Government Reform
Six months after the Buffalo Creek disaster, Congress passed the National Dam Inspection Act of 1972. The Act authorized the inventory of all dams in the U.S. (approximately 50,000) and called for an inspection of each to determine how safe each was, to be carried out by the U.S. Army Corps of Engineers.
Until directed to do so by President Carter on December 2, 1977, the Office of Management and Budget had refused to appropriate money for the inspections and the Corps of Engineers had failed to inspect a single dam as required by the Act. Although the Corps had developed a national inventory of dams, the General Accounting Office termed it "incomplete, inaccurate, and misleading."

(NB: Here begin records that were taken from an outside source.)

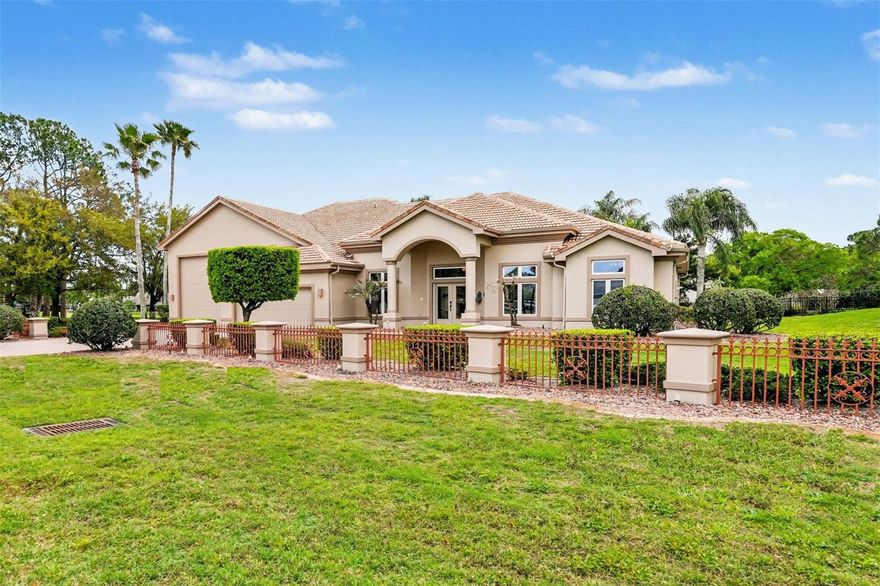 One or more photo(s) has been virtually staged. Located in the guard-gated Spruce Creek Fly-In community, this lovely home features a 1,740-square-foot garage, a tile roof, architectural details, and an open-concept, split-bedroom design that showcases attention to detail. With a view of the pool, golf course, and lake, the Great Room flows into the Kitchen, which includes a center island, 42-inch cabinets, tile backsplashes, solid surface counters, a breakfast bar, and a café area. The Primary Suite features French doors that lead to the lanai, along with an ensuite bathroom equipped with a dual vanity, a spacious walk-in shower, and a private toilet area. Each of the additional bedrooms includes a walk-in closet; one of these bedrooms also boasts an ensuite bathroom. Enhancing the home’s appeal are a formal Dining Room, a large Office with French doors, extensive crown molding, and designer ceilings. Additional amenities include a tankless water heater serving two baths, an electric patio shutter, and a 'safe' room closet in the primary suite. The multi-car garage has a 50’ x 20’ bay ideal for a Class-A motorcoach, two 50-amp outlets, a sewer access tap, and a utility sink. With a freshly painted exterior, an expansive paver driveway and attractive landscaping, this property has wonderful curb appeal. The 25-ft covered patio, screened lanai, and the heated pool and spa are perfect for Florida’s lifestyle and the community’s quality of life is unparalleled. Spruce Creek Fly-In offers a wide range of activities for residents. They benefit from numerous amenities, including private golf-car friendly streets, parks, a playground, and access to Spruce Creek Waterway for fishing or launching canoes and kayaks. Onsite management, 24-hour staffed security, a public restaurant, a hair salon, and various business services are within the community. The optional membership country club provides golf, pickleball, tennis, fitness facilities, a pool, and a private restaurant, and offers a flexible membership structure. In addition, the community features a private 4,000-foot paved runway equipped with a GPS approach, paved taxiways, and aviation services. The community’s convenient location allows easy access to local shopping, dining and entertainment. This represents a rare opportunity to purchase a beautiful home with an expansive garage in one of Central Florida’s most desirable communities. Visual Surveillance on premises.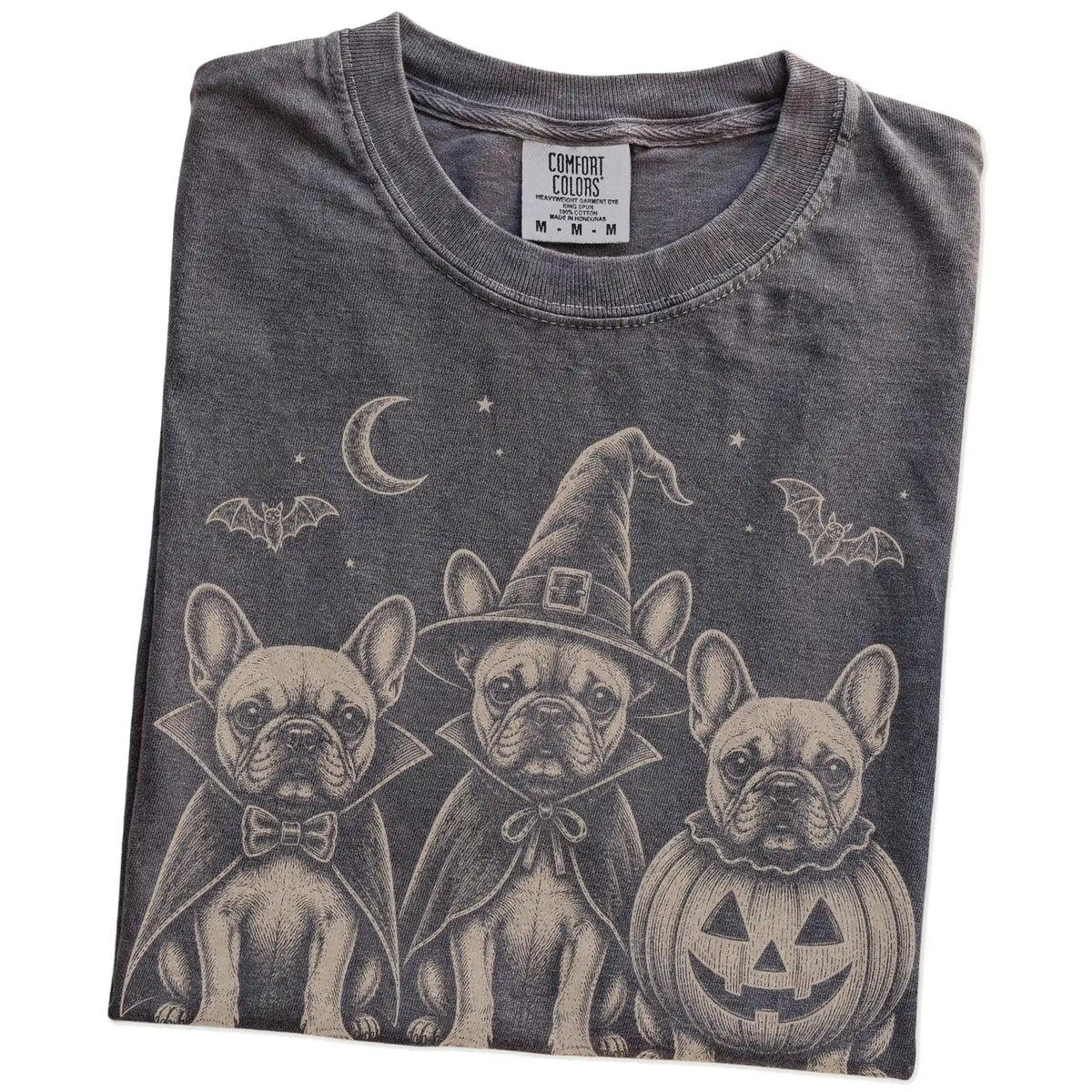 Folded Pepper Comfort Colors® T-shirt showing three French Bulldog dogs dressed for Halloween beneath bats and a crescent moo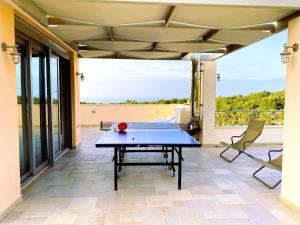 un tavolo da ping pong su un patio di Deluxe Villa Ianthos - Outdoor Hot Tub & Kids Pool a Gállos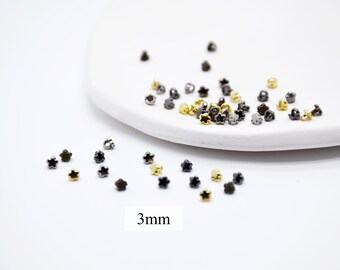 May include: A collection of small, star-shaped beads in gold and dark gray hues. The beads are scattered on a white surface, with some resting on a white, oval-shaped dish. The text "3mm" is visible.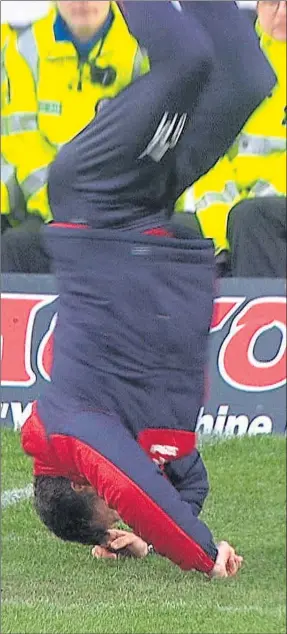  ??  ?? HEAD OVER HEELS: Graeme Murty’s bizarre handstand flip at Dens Park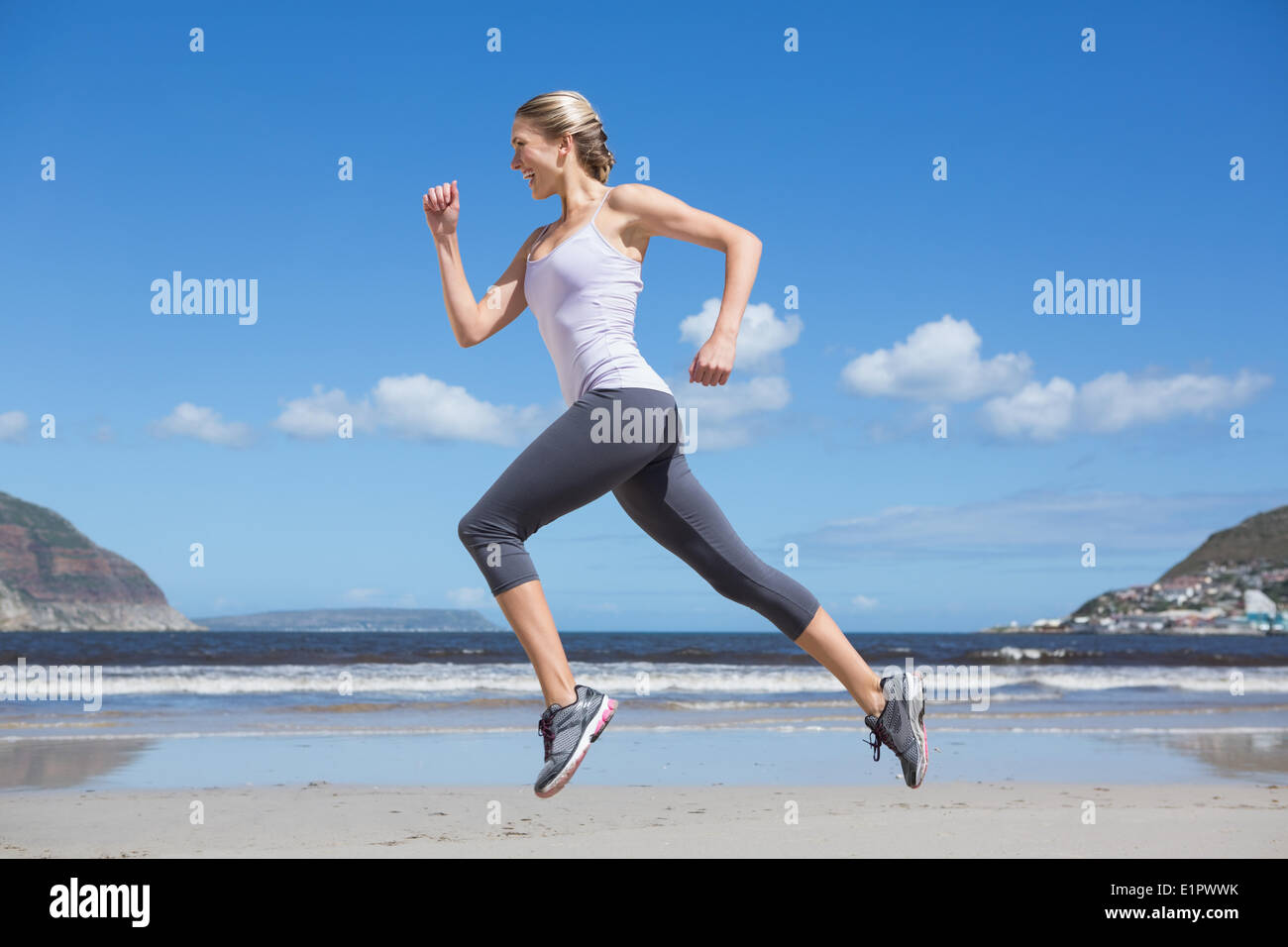 Piuttosto montare bionda jogging sulla spiaggia Foto Stock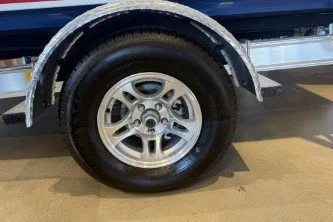 Slide: The Image of 2026 Mako 18 Pro Skiff Patriot Edition trailer wheel, close-up view. - 9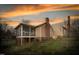 Back of the home with a screened-in porch, brick chimney and lush lawn against a colorful sunset sky at 2416 Glencoe St, Burlington, NC 27217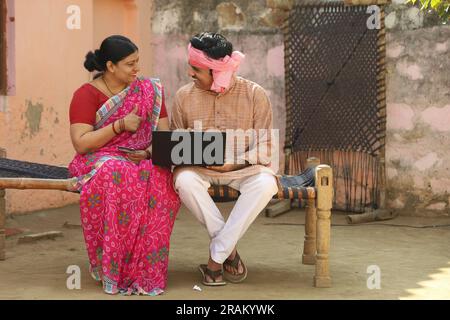 Famille de village indien heureux en utilisant l'ordinateur portable assis à l'extérieur de la maison. Mari et femme sont heureux de faire le paiement en ligne tenant la carte de crédit en main Banque D'Images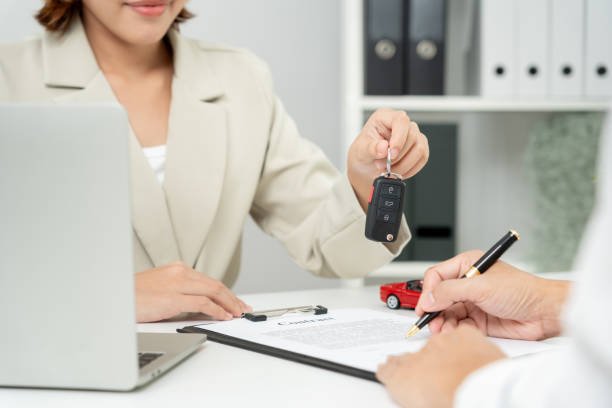 A woman holds a car key in front of a laptop, symbolizing the connection between car ownership and insurance management.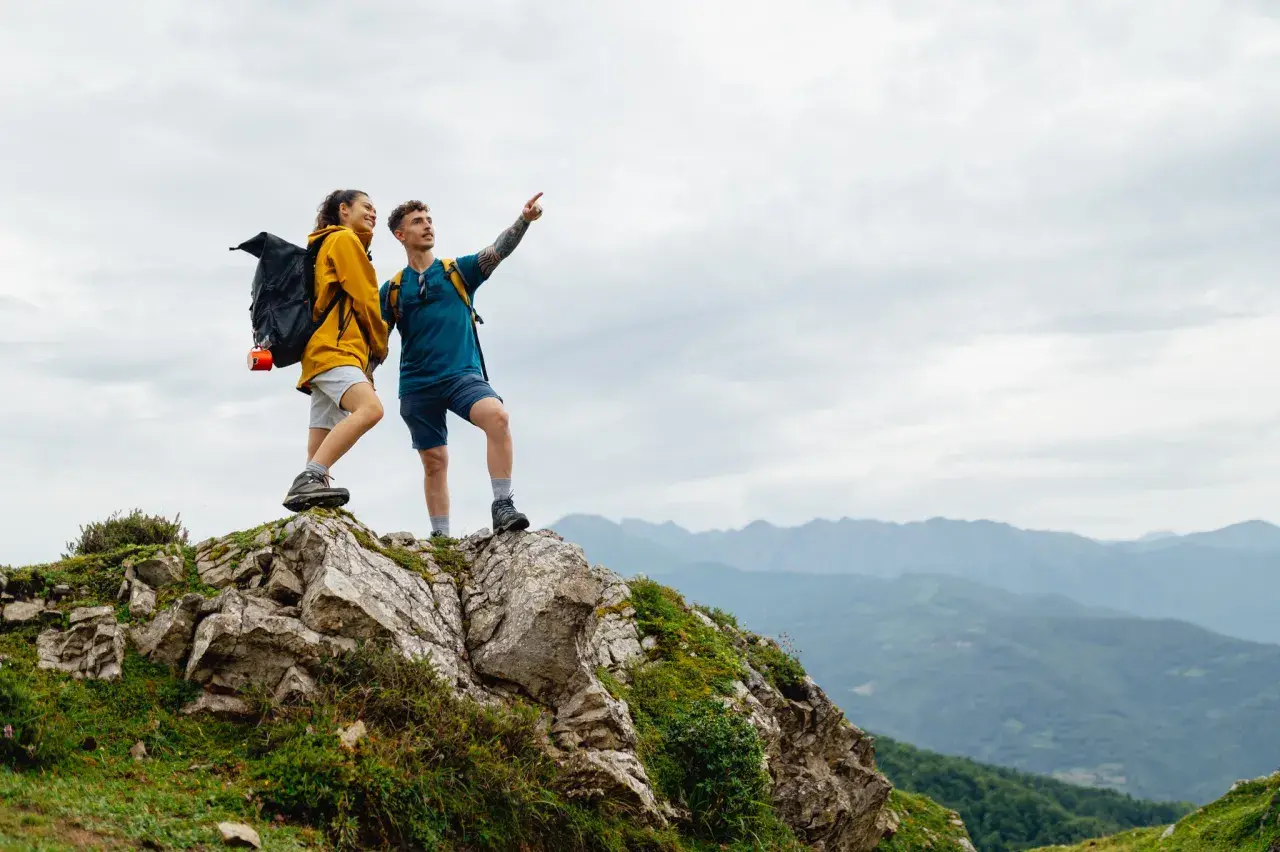 Zwei Wanderer auf einem Felsvorsprung genießen die Aussicht während ihrer Alpen Tour.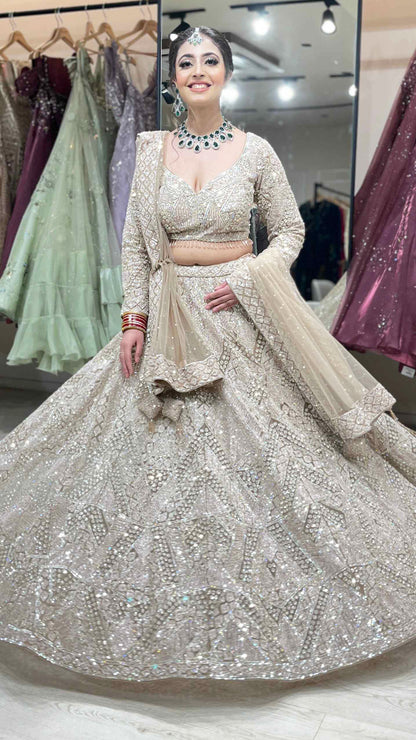 Nude color net bridal lehenga with zarkan & sequins along with heavy dupatta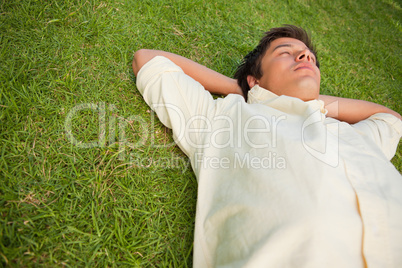 Man lying in grass with his eyes closed and his head resting on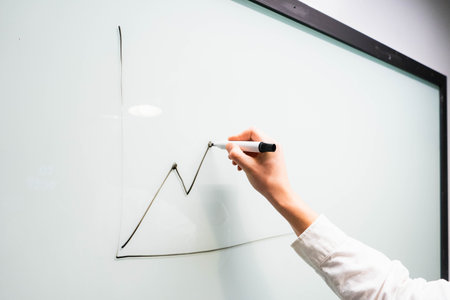 Businessman writing on a whiteboard. Business and finance concept.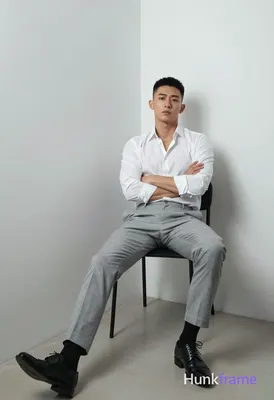 Full-bleed vertical phone wallpaper composition of an Asian man with short black hair and clean-shav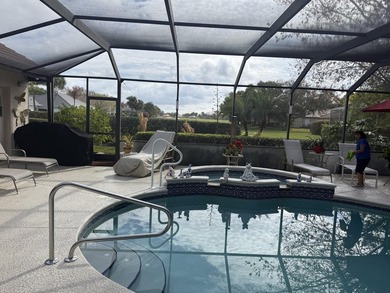 CUSTOM-BUILT POOL HOME OVERLOOKING THE 11TH HOLE IN SOUGHT-AFTER on St. Lucie Trail Golf Club in Florida - for sale on GolfHomes.com, golf home, golf lot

In the five years after the Act was passed, there were four dam collapses resulting in major loss of life -- 245 persons killed and $600 million in property damages. A 1978 report from the House Subcommittee on Environment, Energy, and Natural Resources states that "high or significant hazard potential exists at 20,000 dams in the United States."
Nearly four years after the Buffalo Creek disaster, new regulations governing coal-waste dams and refuse piles went into effect to augment the already existing provisions of the 1969 Coal Mine Health and Safety Act. Even officials at the Interior Department, whose Mine Enforcement and Safety Administration was responsible for drawing up and enforcing the new regulations, conceded that the new laws would not prevent repetition of the type of calamity that hit Buffalo Creek.
The new regulations reflected the position that the Interior Department had taken since the Buffalo Creek disaster-that under the 1969 Coal Mine Health and Safety Act it can only act to assure the safety of miners on the job. Although a number of Congressmen involved in writing the 1969 Act contended that Interior's responsibility went far beyond worker safety, the Department continued to argue that mining conditions that affect nearby communities or might endanger public health and welfare lie outside its jurisdiction.